The Editors of The Wild Hunt

The original column follows below.


Today’s column comes to us from Karl E.H. Seigfried, goði of Thor’s Oak Kindred in Chicago. In addition to his award-winning website, The Norse Mythology Blog, Karl has written for the BBC, Iceland Magazine, Journal of the Oriental Institute, On Religion, Religion Stylebook, and many other outlets. He holds degrees in literature, music, and religion, and he is the first Ásatrú practitioner to hold a graduate degree from University of Chicago Divinity School.

The Wild Hunt always welcomes submissions for its weekend column offerings. Please submit pitches or completed pieces to eric@wildhunt.org.

Editor’s note: This column references sexual violence.


The seeress of the Old Norse prophecy poem Völuspá (“the seeress’s prophecy”) calls him “an evil-loving figure.” The goddess Freyja calls him a doer of “ugly, hateful deeds,” and her brother Freyr calls him a “smith of evil.” The 13th-century Icelandic antiquarian Snorri Sturluson calls him “evil of character.” Modern-day academic Rudolf Simek calls him “the most negative character among the Germanic gods.”

For a thousand years, poets and scholars have seen Loki as a troubling figure who brings harm to the community of which he is a part. Today, there are many lovers of Norse mythology and practitioners of Pagan religions who view him as a positive figure, and even one deserving of veneration and worship.

Loki as portrayed in an 18th-century Icelandic manuscript [Public Domain]

On one hand, he is seen as a sympathetic fictional character, a clever and complex anti-hero who punctures the pomposity of the great gods with wit and style. From the young adult fantasy novels of Joanne Harris to the rejiggering of Stan Lee and Jack Kirby’s comic book villain into Tom Hiddleston’s heartthrob, the twenty-first century version of Loki is portrayed in a way quite different from his older mythic character. In all his modern incarnations, he tends to steal any scene in which he appears.

Loki is also seen by some as an inspiring deity who plays an important part in the personal spirituality and communal ritual of modern Heathens and Pagans who situate him as a venerated deity among Germanic or culturally eclectic pantheons. At times, his most devoted worship seems to shade into a form of mono- or henotheism. I have met practitioners whose devotion to Loki and disdain for the other Norse gods seems quite far removed from a diverse polytheism. He can be particularly important to members of LGBTQ+ communities who find deep meaning in his ancient and contemporary tales and aspects.

There is no reason to challenge the importance that Loki has for so many people around the world, whether it manifests in pop culture fandom or intense religious devotion. If the literary and cinematic character appeals to a person, that is their truth. If the mythological character speaks to someone as a spiritual model or appears in their personal gnosis, that is their truth.
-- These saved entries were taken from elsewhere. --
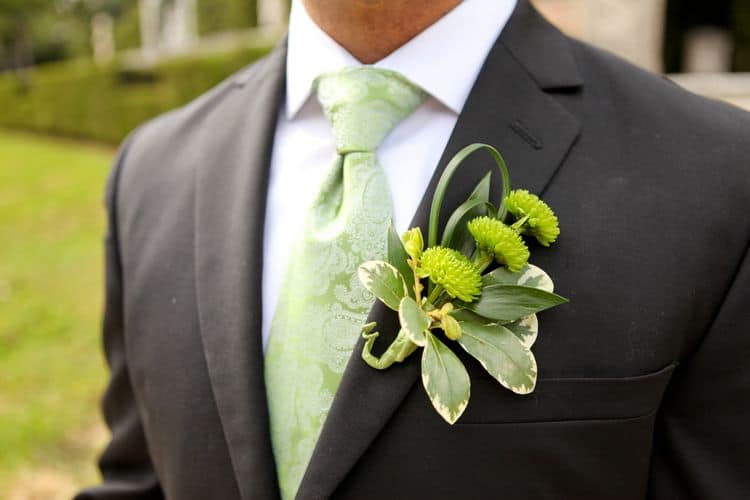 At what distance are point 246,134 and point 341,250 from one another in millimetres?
374

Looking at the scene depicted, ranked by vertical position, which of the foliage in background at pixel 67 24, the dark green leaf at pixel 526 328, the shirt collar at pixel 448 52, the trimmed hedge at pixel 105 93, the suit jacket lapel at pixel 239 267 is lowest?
the foliage in background at pixel 67 24

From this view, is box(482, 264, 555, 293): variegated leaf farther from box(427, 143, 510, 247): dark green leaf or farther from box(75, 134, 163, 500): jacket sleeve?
box(75, 134, 163, 500): jacket sleeve

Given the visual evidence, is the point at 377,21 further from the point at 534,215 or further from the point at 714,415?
the point at 714,415

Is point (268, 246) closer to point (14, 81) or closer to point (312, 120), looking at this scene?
point (312, 120)

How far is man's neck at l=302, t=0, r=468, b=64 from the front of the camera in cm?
135

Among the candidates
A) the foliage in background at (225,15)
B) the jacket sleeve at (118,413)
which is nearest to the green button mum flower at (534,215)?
the jacket sleeve at (118,413)

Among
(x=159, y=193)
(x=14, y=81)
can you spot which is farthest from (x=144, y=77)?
(x=159, y=193)

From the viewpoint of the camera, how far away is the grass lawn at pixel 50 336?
4426 millimetres

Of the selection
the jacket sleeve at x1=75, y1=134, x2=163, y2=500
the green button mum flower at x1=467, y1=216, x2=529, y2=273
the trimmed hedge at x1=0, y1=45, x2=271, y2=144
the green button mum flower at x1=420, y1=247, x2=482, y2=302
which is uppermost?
the green button mum flower at x1=467, y1=216, x2=529, y2=273

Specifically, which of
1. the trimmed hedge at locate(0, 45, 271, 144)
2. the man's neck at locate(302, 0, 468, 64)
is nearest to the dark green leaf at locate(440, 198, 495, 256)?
the man's neck at locate(302, 0, 468, 64)

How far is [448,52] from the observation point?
1.35 meters

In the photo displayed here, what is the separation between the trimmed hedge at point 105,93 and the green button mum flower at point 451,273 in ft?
36.6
It is not anyone’s business to attack those experiences.

My own approach to Loki, however, is quite different. I believe in a theology that turns to the ancient myths for guidance, first attempting to understand them in their original context and then bringing them into our own cultural moment.
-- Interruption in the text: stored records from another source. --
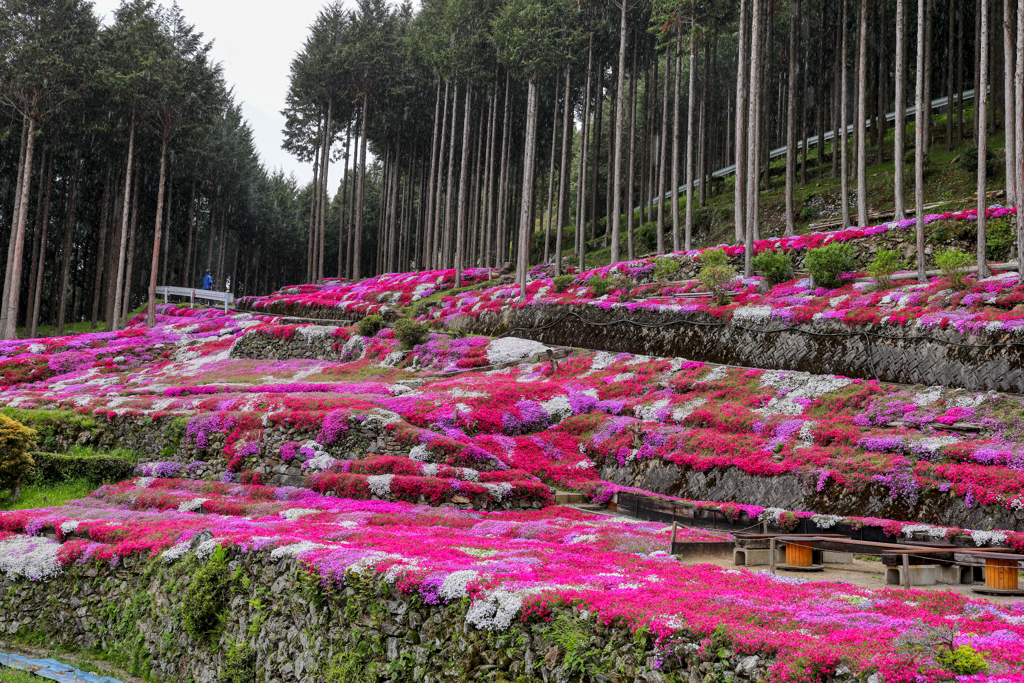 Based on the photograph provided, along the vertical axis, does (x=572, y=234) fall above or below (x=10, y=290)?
above

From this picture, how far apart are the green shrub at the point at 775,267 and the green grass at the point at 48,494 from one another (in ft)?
66.5

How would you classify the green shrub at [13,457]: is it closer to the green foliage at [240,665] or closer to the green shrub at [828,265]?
the green foliage at [240,665]

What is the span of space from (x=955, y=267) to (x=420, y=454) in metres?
14.7

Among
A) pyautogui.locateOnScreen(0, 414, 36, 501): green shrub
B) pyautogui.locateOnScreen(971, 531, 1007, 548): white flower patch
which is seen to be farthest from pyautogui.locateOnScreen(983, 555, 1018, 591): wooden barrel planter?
pyautogui.locateOnScreen(0, 414, 36, 501): green shrub

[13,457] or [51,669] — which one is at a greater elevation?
[13,457]

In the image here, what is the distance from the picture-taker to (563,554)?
965 centimetres

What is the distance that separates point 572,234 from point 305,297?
19.8m

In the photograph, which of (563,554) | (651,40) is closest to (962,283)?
(563,554)

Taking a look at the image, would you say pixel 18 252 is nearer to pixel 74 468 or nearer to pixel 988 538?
pixel 74 468

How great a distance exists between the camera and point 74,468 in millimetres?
15672

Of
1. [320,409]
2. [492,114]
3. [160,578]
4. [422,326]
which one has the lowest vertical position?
[160,578]

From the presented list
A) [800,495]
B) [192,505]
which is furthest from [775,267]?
[192,505]

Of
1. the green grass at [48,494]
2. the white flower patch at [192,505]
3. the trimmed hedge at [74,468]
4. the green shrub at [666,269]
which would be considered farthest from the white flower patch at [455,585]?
the green shrub at [666,269]

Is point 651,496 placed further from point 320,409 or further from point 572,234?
point 572,234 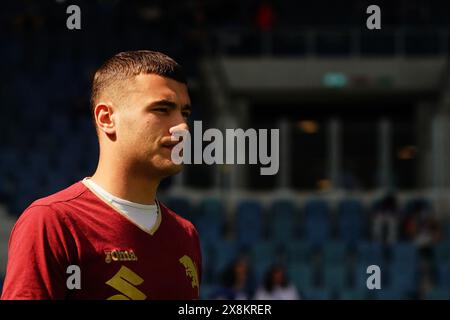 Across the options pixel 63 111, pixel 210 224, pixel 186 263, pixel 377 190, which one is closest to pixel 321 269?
pixel 210 224

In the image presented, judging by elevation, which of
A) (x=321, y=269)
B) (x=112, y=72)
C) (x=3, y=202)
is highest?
(x=112, y=72)

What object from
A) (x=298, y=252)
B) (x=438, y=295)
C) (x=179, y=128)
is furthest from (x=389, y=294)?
(x=179, y=128)

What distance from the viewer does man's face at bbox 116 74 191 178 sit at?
2635 millimetres

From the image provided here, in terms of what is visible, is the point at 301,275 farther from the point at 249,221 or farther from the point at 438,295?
the point at 249,221

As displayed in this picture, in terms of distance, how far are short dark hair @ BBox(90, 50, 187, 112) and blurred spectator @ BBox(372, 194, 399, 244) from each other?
13.4 metres

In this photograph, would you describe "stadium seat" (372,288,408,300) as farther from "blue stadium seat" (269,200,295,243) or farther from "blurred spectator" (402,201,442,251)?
"blue stadium seat" (269,200,295,243)

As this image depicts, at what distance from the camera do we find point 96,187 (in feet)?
9.09

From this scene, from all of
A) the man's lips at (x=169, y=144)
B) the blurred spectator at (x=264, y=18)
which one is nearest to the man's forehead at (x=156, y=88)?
the man's lips at (x=169, y=144)

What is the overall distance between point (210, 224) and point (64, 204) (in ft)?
43.9

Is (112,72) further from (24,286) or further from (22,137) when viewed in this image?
(22,137)

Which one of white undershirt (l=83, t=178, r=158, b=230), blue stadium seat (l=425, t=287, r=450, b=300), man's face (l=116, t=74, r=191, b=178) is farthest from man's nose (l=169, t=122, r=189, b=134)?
blue stadium seat (l=425, t=287, r=450, b=300)

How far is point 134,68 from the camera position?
2.67 m

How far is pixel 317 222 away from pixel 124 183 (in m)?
13.8

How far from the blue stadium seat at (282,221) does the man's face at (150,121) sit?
1314 centimetres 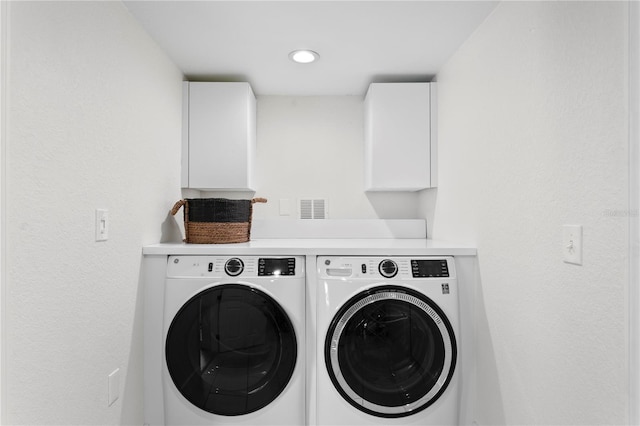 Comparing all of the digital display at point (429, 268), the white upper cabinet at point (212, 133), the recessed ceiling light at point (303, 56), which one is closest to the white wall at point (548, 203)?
the digital display at point (429, 268)

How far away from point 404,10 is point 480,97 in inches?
20.5

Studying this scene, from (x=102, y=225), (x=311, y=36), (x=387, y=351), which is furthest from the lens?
(x=311, y=36)

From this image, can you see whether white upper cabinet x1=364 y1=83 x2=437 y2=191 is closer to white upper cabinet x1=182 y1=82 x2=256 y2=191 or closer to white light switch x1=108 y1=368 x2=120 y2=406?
white upper cabinet x1=182 y1=82 x2=256 y2=191

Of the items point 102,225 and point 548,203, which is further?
point 102,225

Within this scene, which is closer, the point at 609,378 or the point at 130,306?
the point at 609,378

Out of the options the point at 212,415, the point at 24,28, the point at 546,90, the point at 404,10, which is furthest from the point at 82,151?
the point at 546,90

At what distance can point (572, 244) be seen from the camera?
1128 mm

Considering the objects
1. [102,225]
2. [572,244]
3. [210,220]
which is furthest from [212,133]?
[572,244]

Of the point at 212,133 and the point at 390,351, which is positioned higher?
the point at 212,133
I do not believe that we should reconstruct every aspect of ancient worldviews situated in a time and place of normalized slavery, entrenched homophobia, and celebrated violence. I do not believe that it is even possible to reconstruct the detailed internal worldviews of a plurality of peoples who left behind no second-level theological discourse. Today’s practitioners of Ásatrú and Heathenry belong to new religious movements that arguably began in a Reykjavík hotel on April 20, 1972. We practice modern religions, not ancient ones, and we should engage with the world in which we actually live.

That said, I am bothered by approaches to myth that brush aside any elements of ancient sources that readers don’t like or find problematic as “Christian influenced.” Academics and practitioners alike are guilty of this rhetorical turn. Too many elements of today’s version of Loki come from nineteenth-century misunderstandings (Loki as god of fire) or postmodern rewritings (Loki as the “real hero” of the Norse myths). Again, I do not deny the personal meaning that many find in Loki. I simply can’t follow them to a place where the sources of our knowledge are read in ways that sometimes seem parallel to conspiracy theorist readings of today’s news stories.

In his 1965 foreword to the second edition of The Lord of the Rings, J.R.R. Tolkien wrote of his dislike for “allegory in all its manifestations.”

I much prefer history, true or feigned, with its varied applicability to the thought and experience of readers. I think that many confuse ‘applicability’ with ‘allegory’; but the one resides in the freedom of the reader, and the other in the purposed domination of the author.

I hope we can agree to not be dominated by the surviving sources, to avoid slavishly treating them as holy writ that must be applied to our lives as commandment and law. But I also hope we can agree that it is possible to both engage with the texts as received and apply them to our modern situations: mutatis mutandis.

With this mindset in mind, I have been repeatedly struck by the similarities between the Loki myths and the Trump presidency. I am not suggesting some simplistic “Loki is bad and Trump is bad” equation, but rather positing a series of parallels that is extended with new examples on an almost daily basis – examples that I’ve been snarkily commenting on via my @NorseMythNews Twitter account. In this article, I am attempting to lay out the applicability of the mythic figure to the political figure in more detail than is possible in 280 characters.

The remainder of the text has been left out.